Bartas gira un film sulla guerra quando la guerra è già finita, e proprio per questo la rende ancora più disturbante. Le battaglie sono assenti, i fronti invisibili, ma la violenza è ovunque, sedimentata nel fango, negli sguardi, nei silenzi interminabili. È una guerra che non esplode, ma ristagna. Una guerra che non urla, ma pesa. Ogni gesto sembra compiuto con fatica, come se il corpo umano fosse diventato improvvisamente troppo pesante per essere abitato.
Il protagonista, interpretato dallo stesso Bartas, è una figura quasi spettrale. Non parla quasi mai, non spiega nulla, non cerca redenzione. È un uomo che osserva, che subisce, che attraversa. La sua presenza è opaca, volutamente indecifrabile, e proprio per questo diventa un catalizzatore: attorno a lui si aggregano frammenti di umanità distrutta, soldati sbandati, contadini sospettosi, donne segnate da una violenza che non ha bisogno di essere mostrata esplicitamente. Tutto è suggerito, trattenuto, lasciato marcire sotto la superficie.
La messa in scena è di una radicalità quasi ascetica. Lunghi piani fissi, movimenti di macchina minimi, dialoghi ridotti a poche frasi essenziali. Bartas non accompagna lo spettatore: lo abbandona. Lo costringe a restare dentro l’inquadratura, a sopportare la durata, a condividere l’attesa, la noia, la tensione latente. Il tempo si dilata fino a diventare materia fisica, qualcosa che grava sulle spalle di chi guarda. È un cinema che non intrattiene, ma insiste.
Il paesaggio gioca un ruolo centrale. Campi spogli, foreste umide, villaggi devastati: la natura non consola, non guarisce, non offre rifugio.
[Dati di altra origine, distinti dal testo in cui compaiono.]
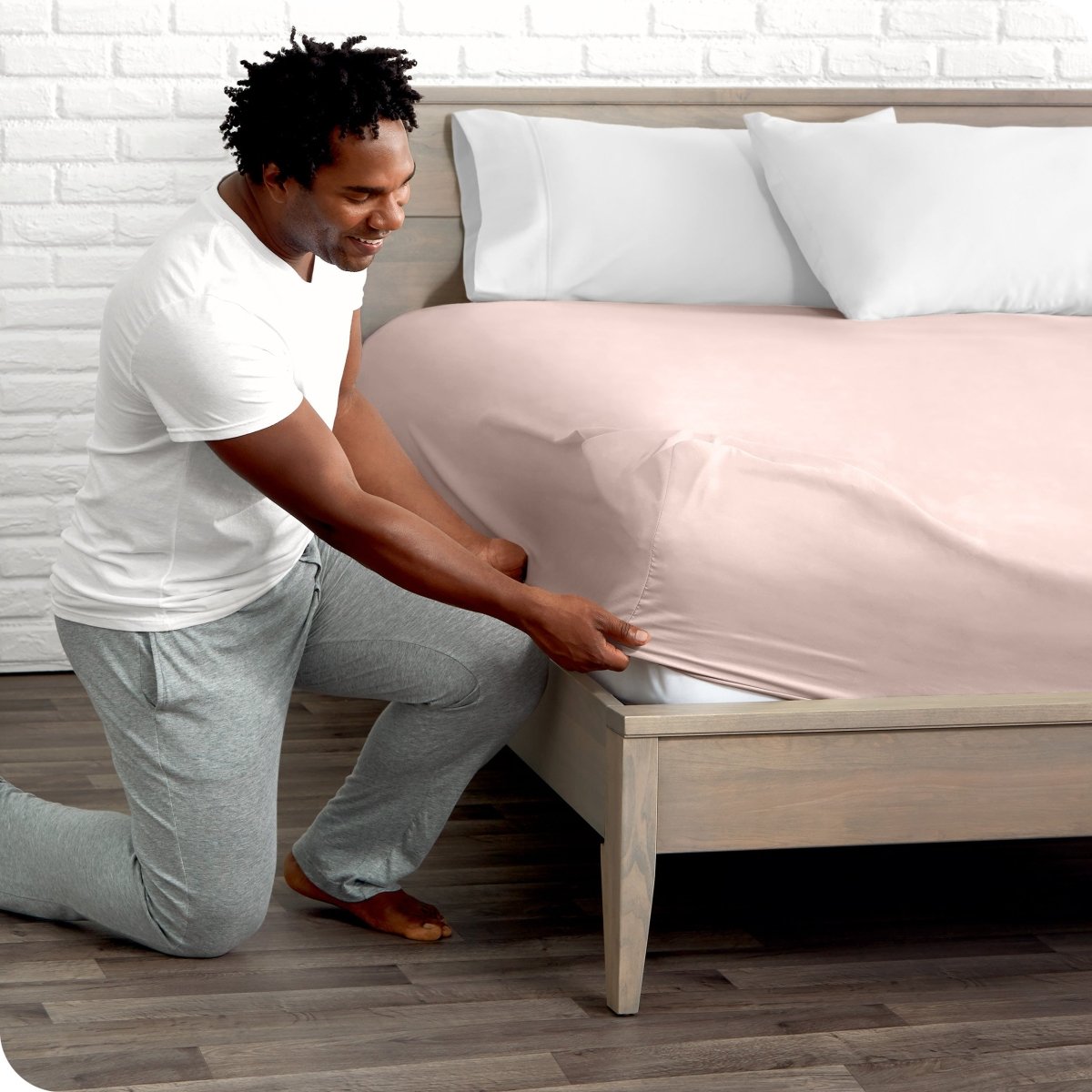 Man putting the corner of fitted sheet on a mattress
È indifferente, quasi ostile. La terra sembra aver assorbito il trauma della guerra e ora lo restituisce sotto forma di silenzio opprimente. Non c’è bellezza cartolinesca, solo una crudezza elementare, primitiva, che rimanda a un mondo in cui l’uomo è tornato a uno stato quasi pre-civile.
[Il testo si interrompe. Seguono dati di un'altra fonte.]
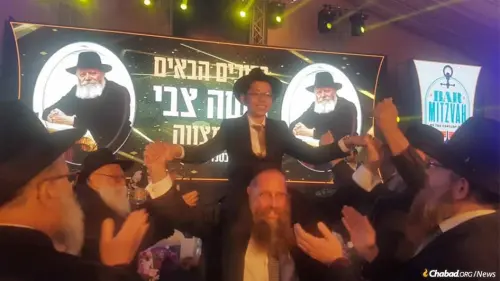 A celebratory bar mitzvah crowd dances with Moshe Holtzberg, orphaned in the Mumbai Chabad center massacre that took the lives of his parents 11 years ago this week. Credit: Chabad.org/News.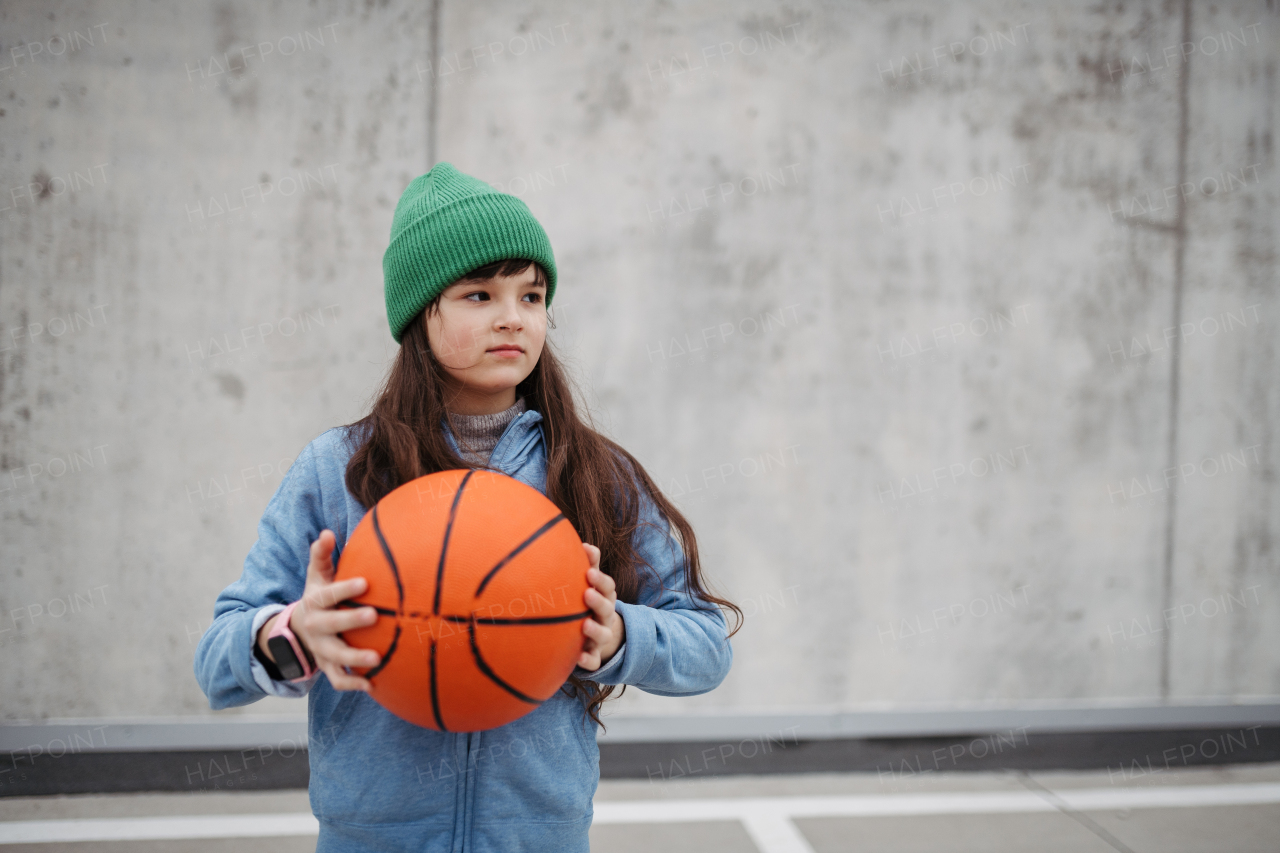 Sad girl alone in the city, want to play basketball. Young girl spending free time alone in the city, no friends, no activity. Mental health problems.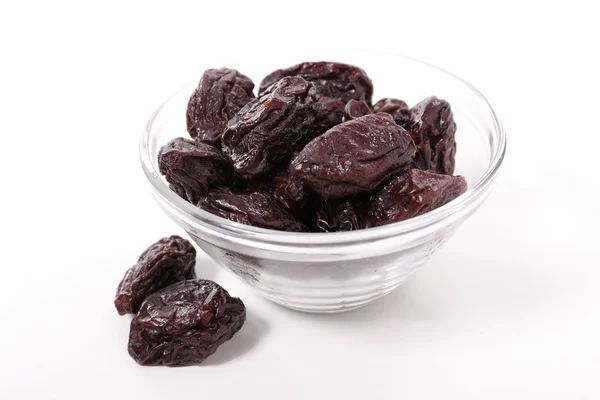 Dried plums in bowl — Stock Photo, Image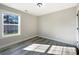 Well-lit bedroom with hardwood floors and window at 1324 Crawford Rd # 6, Rock Hill, SC 29730
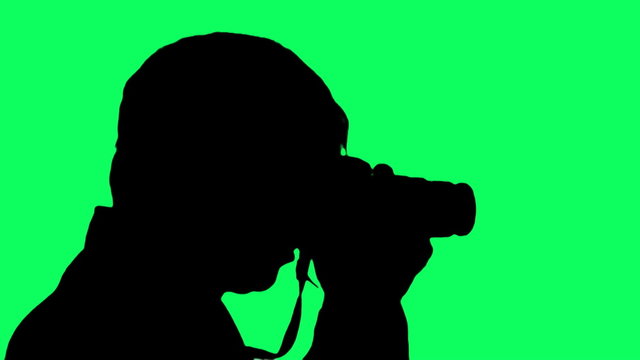 Photographer silhouette against green screen - HD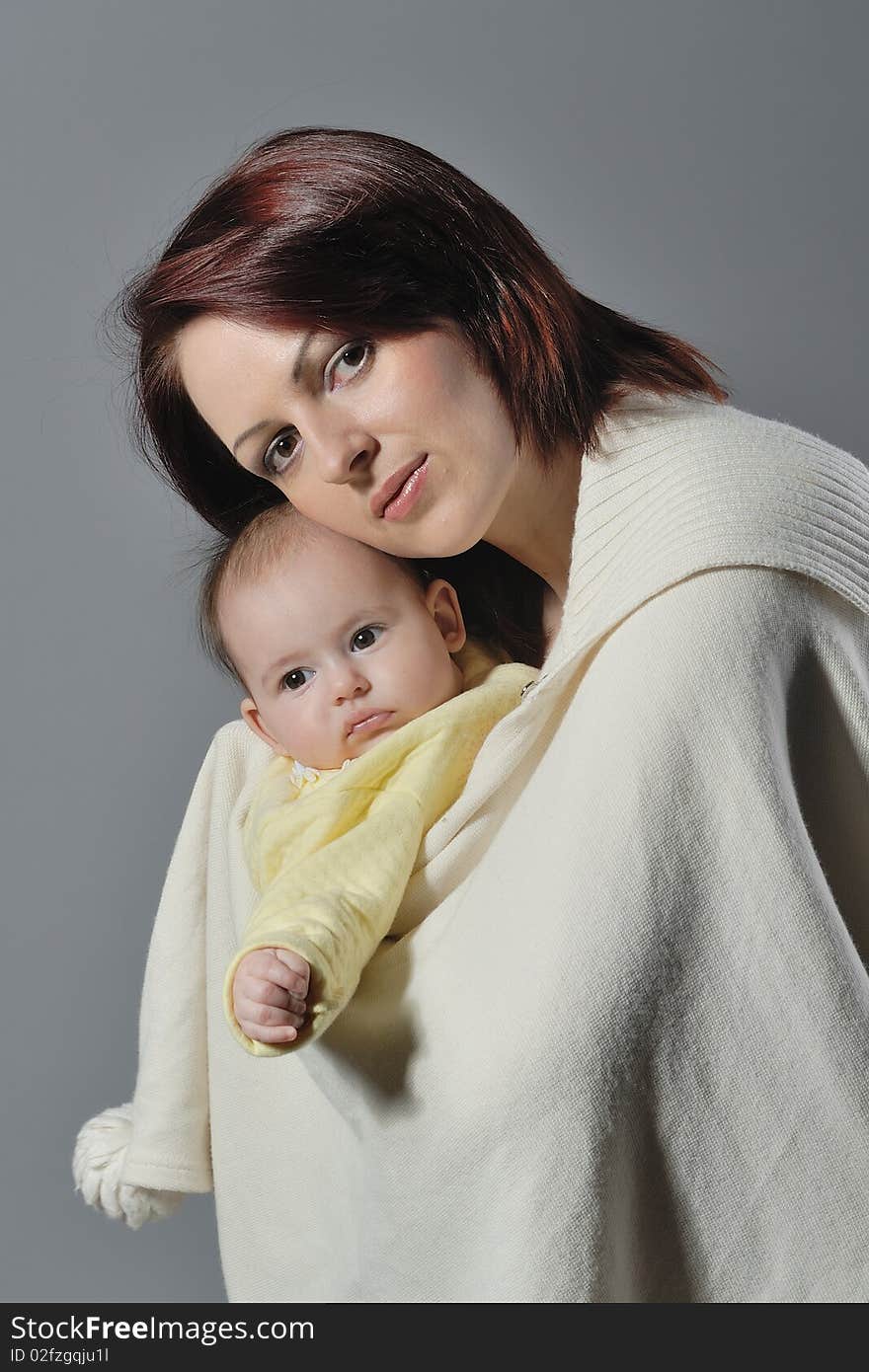 Child in mother arms on grey background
La violenza, quando arriva, non è mai spettacolare. È improvvisa, secca, priva di enfasi. Proprio per questo colpisce più a fondo. Bartas sembra dirci che l’orrore vero non ha bisogno di essere messo in scena: basta mostrarne le conseguenze, basta lasciare che lo spettatore intuisca ciò che è accaduto fuori campo. È un cinema che si fida dell’intelligenza e della sensibilità di chi guarda, e che per questo non fa sconti.
At Dusk parla della fine di un mondo, ma anche dell’impossibilità di tornare indietro. La guerra non termina con un armistizio: continua a vivere nei corpi, nelle menti, nei rapporti umani. Il crepuscolo diventa una condizione permanente, una zona grigia in cui non esiste più distinzione netta tra bene e male, colpa e sopravvivenza. Tutti sembrano colpevoli e vittime allo stesso tempo, intrappolati in una storia più grande di loro.
C’è qualcosa di profondamente rituale nel cinema di Bartas. Ogni scena sembra un gesto necessario, non narrativo ma esistenziale. Il film procede come una processione laica, un lento accompagnamento verso una notte che non promette alcuna rinascita. Eppure, proprio in questa ostinazione a guardare il vuoto, At Dusk trova una forma di verità rara: quella di un cinema che non consola, non spiega, non redime.
È un film che chiede allo spettatore di rinunciare alle aspettative, di accettare la fatica, di restare. Non offre appigli emotivi facili, non costruisce empatia tradizionale. Ti mette davanti a un mondo spogliato di senso e ti chiede: quanto riesci a sopportare? Quanto sei disposto a guardare quando non c’è nulla da salvare?
At Dusk è il crepuscolo dell’illusione che la storia proceda per progressi lineari. È il cinema come residuo, come cenere ancora calda. Un’opera dura, scabra, ostinatamente coerente, che non cerca pubblico ma testimoni. E quando finisce, non lascia immagini iconiche o frasi memorabili: lascia un peso. Un silenzio che continua a lavorarti dentro, come una guerra che, anche quando sembra conclusa, non se ne va mai davvero.